§ **EXERCISE AIM**
Every line below needs to be transcribed without alteration, and no image may be carried over.

───── SUPPLIED INFORMATION

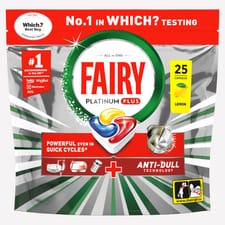Fairy Platinum Plus Lemon Dishwasher Tablets 25 Pack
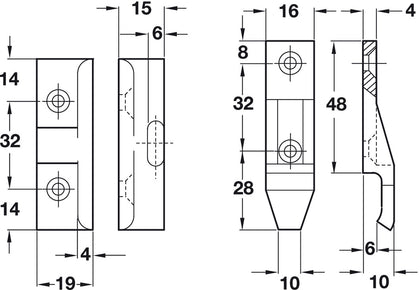 Keku Dbl Partition Fasten Set AD Hospa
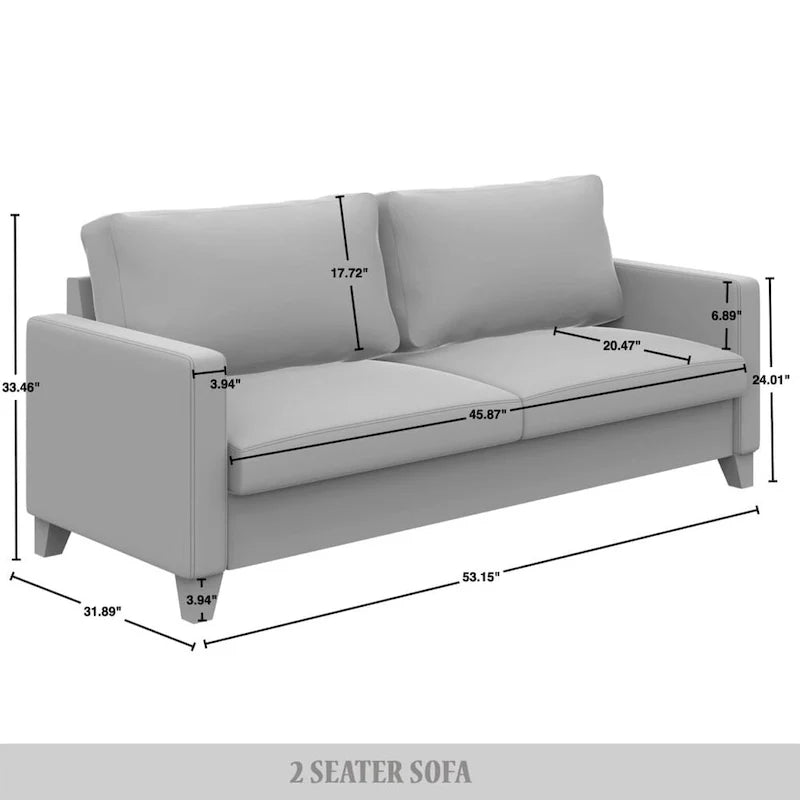 Zweisitzer-Sofa mit Cordbezug im modernen Mid-Century-Stil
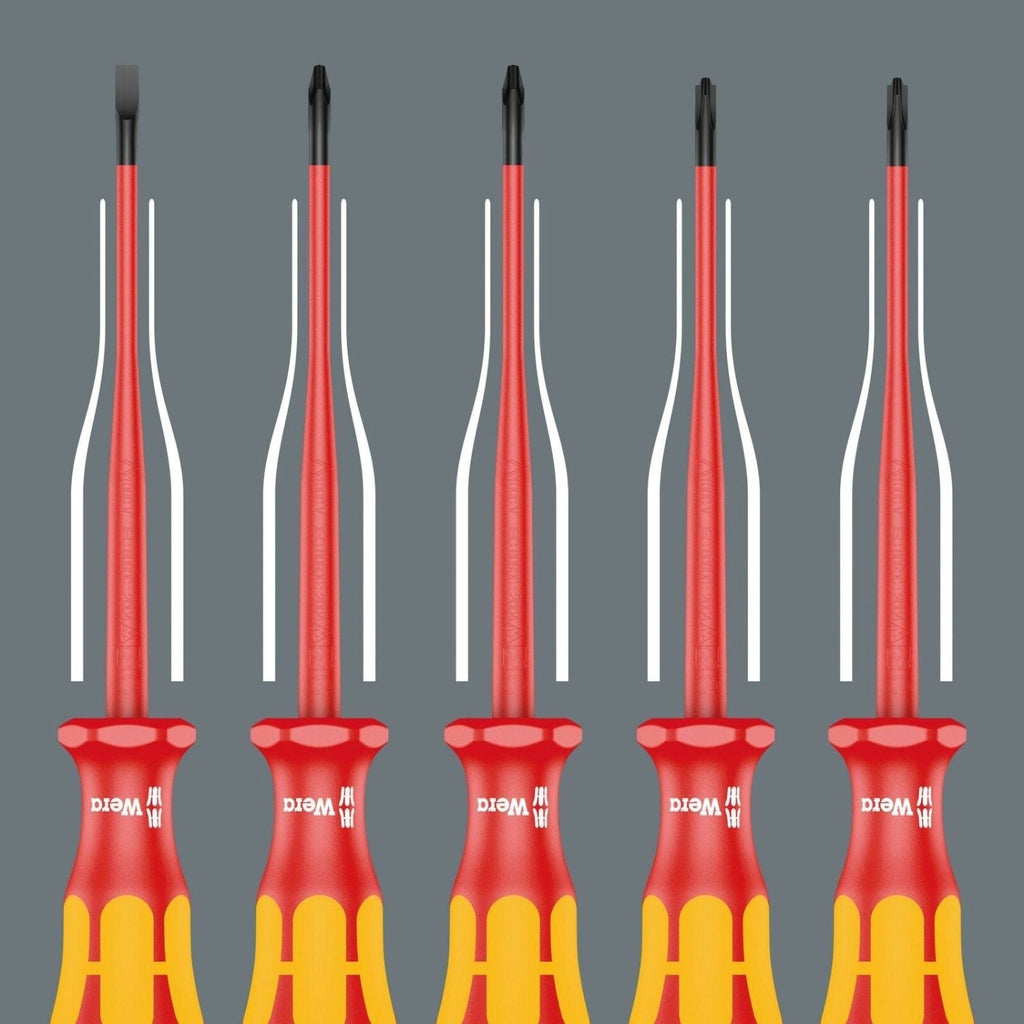 Wera 165 Is Pz/S # 1 + 2 Screwdriver Set Kraftform Plus Series 100. With Reduced Blade Diameter, 2-Pieces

──────────

§ **TASK SOLUTION**
Fairy Platinum Plus Lemon Dishwasher Tablets 25 Pack
 Keku Dbl Partition Fasten Set AD Hospa
 Zweisitzer-Sofa mit Cordbezug im modernen Mid-Century-Stil
 Wera 165 Is Pz/S # 1 + 2 Screwdriver Set Kraftform Plus Series 100. With Reduced Blade Diameter, 2-Pieces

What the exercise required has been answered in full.